Loved From The Beginning

Commentary

You should probably never ask me to TALK about this little poem… too emotional! The background photo is of my mother when she was a little girl. The photo was taken in the early 1930s. Mom was taken in 2006. It occasionally becomes obvious that I’m not through grieving.

The setting when I thought of the words really was waking up from an afternoon nap. As is often the case, I was wearing ear buds, and had been drowning out the noises in the house by listening to one of my favorite Pandora stations. As I awoke, I was keenly aware of how beautiful the music was… something from Pat Metheny.

I listened to another piece, and then another. Each was as beautiful as the last.

My mind went back through the years to the experience of taking naps as a child, to the awareness of family in other rooms, their voices becoming distant and indistinct as I fell asleep. I cannot actually remember anything before that. However…

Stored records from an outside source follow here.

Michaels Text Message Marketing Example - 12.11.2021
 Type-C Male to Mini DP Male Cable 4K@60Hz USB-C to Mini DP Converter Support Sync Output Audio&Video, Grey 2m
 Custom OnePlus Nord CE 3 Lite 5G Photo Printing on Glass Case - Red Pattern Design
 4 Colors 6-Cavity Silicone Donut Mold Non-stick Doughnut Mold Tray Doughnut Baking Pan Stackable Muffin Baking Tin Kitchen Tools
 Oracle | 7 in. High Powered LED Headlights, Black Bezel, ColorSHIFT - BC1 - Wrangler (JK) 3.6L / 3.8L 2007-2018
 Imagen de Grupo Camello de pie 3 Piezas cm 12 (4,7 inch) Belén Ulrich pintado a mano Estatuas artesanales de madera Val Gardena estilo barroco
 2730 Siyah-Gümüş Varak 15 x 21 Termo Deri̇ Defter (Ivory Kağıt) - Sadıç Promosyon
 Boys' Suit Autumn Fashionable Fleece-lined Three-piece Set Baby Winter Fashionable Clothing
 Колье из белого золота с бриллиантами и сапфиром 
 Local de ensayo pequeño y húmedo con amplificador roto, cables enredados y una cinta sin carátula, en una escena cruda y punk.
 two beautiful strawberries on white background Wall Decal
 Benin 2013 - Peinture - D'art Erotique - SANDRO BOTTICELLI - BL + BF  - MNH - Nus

Traveling back in time, I arrived at the conviction that my exquisite experience of beauty — here in music — has always been rooted in the love of my mother. She herself was beautiful. She loved me, and she loved beauty. But she also pointed me farther back, to the Author of beauty.

Farther Back

Time did not begin with my birth. When a Christian like myself refers to “love from the beginning,” he or she inevitably alludes to our belief that God has loved his children and had kind purposes for them “from the beginning.” When the Apostle Paul writes about this, he gets into one of the long run-on sentences (in the Greek) that signal his excitement:

Blessed be the God and Father of our Lord Jesus Christ, who has blessed us in Christ with every spiritual blessing in the heavenly places, even as he chose us in him before the foundation of the world, that we should be holy and blameless before him. In love he predestined us for adoption to himself as sons through Jesus Christ, according to the purpose of his will, to the praise of his glorious grace, with which he has blessed us in the Beloved.  In him we have redemption through his blood, the forgiveness of our trespasses, according to the riches of his grace,  which he lavished upon us, in all wisdom and insight  making known to us the mystery of his will, according to his purpose, which he set forth in Christ as a plan for the fullness of time, to unite all things in him, things in heaven and things on earth.

Ephesians 1:3-10 (ESV)

I’m convinced that knowing the Creator, and being confident that He loves me, enables me to better appreciate the beauty of His creation.